The Shadows is filled with descriptions of paintings and antiques—do you have a particular interest in art? Did you do any research on art and architecture when writing the book?
This was drawn more from memory and imagination than from research. I’ve worked as an arts writer, and I’ve spent considerable time wandering in a happy daze through museums, so I had quite a lot of material stored up.
Throughout the book, Olive’s only companions are Morton, a boy from a painting, and three talking cats. Why does Olive have trouble making friends her own age, when she’s clearly funny and spunky?
The qualities that appeal to grown-ups aren’t necessarily the qualities that appeal to kids when making friends. Among kids, fitting in is generally more important than standing out, and even standing out in a good way can be a liability. Olive is shy and awkward, she has moved from place to place a lot and she’s the only child of parents who are more than a bit out of touch with the real world. She certainly hasn’t been prepared to fit in.
Although The Shadows is magical (and often creepy), it also includes themes that are timeless and very real: trusting others, taking chances, being lonely. Are there any lessons (or types of encouragement) you hope kids take from the book?
I certainly didn’t write this with any type of lesson in mind, but I suppose any book in which a child protagonist has to solve her own problems lets the reader learn from her mistakes and her growth. I hope kids will identify with Olive and that getting to know her might make them feel a bit less alone or misunderstood or out of place. Aside from that, I just hope kids will be entertained.
How many books to you intend to write in the Books of Elsewhere series? Can you give us a hint about Olive and Morton’s next adventure?
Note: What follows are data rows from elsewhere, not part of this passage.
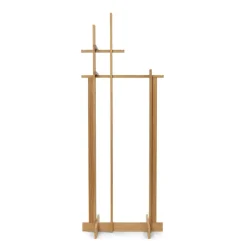 Bridge Garderobe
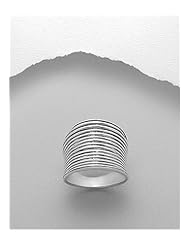 Ring In 92.5 Sterling Silver
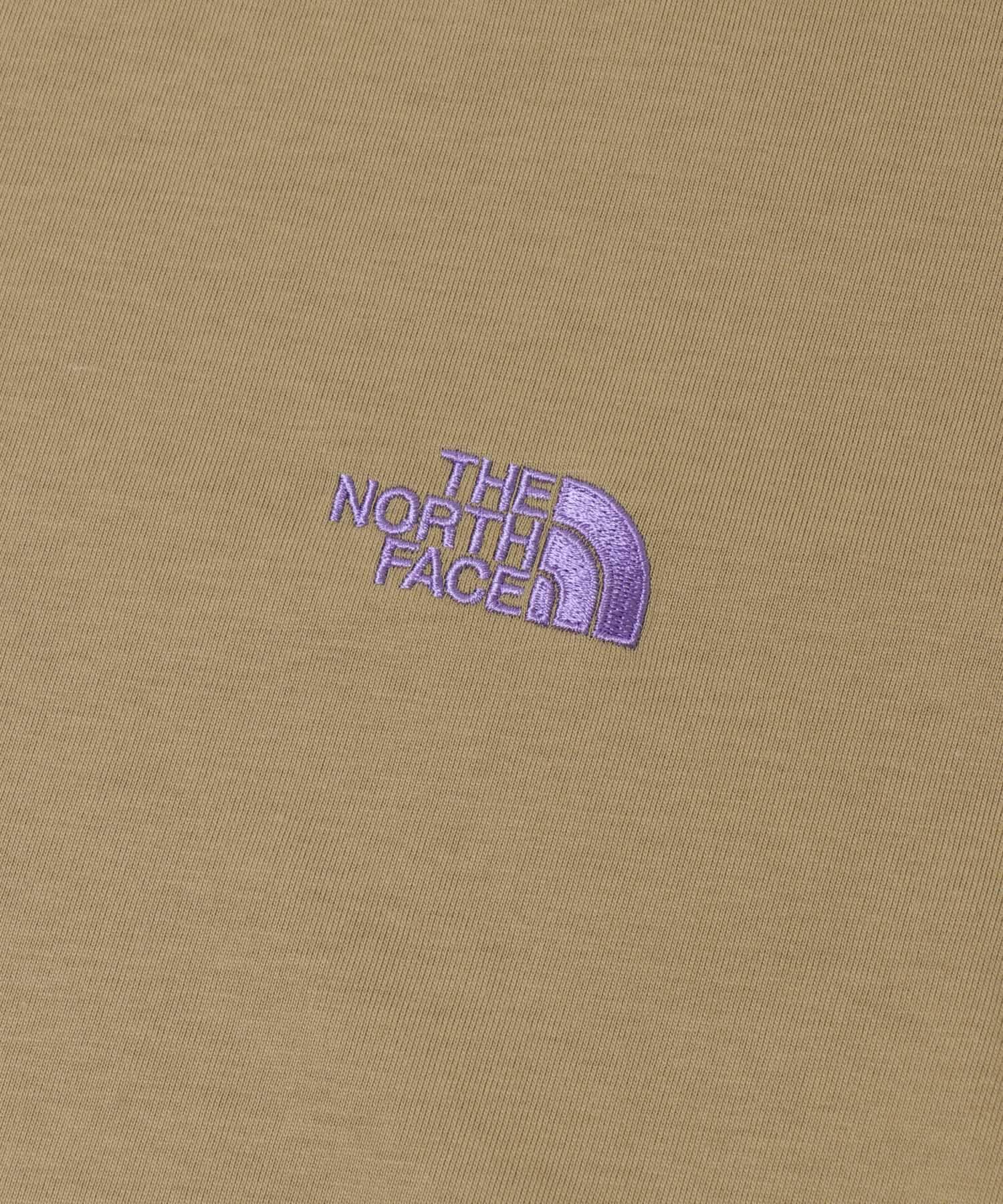 URBAN RESEARCH DOORS「THE NORTH FACE　SHORT-SLEEVE MOUNTAIN FLOWER T-SHIRTS」|Tシャツ・カットソー|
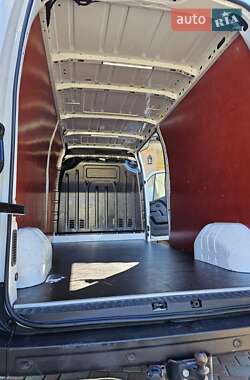 Грузовой фургон Opel Movano 2021 в 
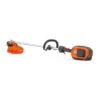 Husqvarna Akku-Trimmer 525iLXT - Grundgerät Ohne Akku Und Ladegeät 2 Husqvarna Akku-Trimmer 525iLXT - Grundgerät Ohne Akku Und Ladegeät -Geschäft Für Gartentechnikbedarf 43148 Husqvarna 970551501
The total number of books is still up in the air at this point, but I’d estimate four or five volumes in total. Volume Two is already written, so I can tell you that the house has some more big secrets waiting to be revealed, including an object that begins to take over Olive’s life. Olive also makes a friend who isn’t from a painting or covered in fur, and someone else—someone Olive thought she knew—turns out to have been fooling everyone all along.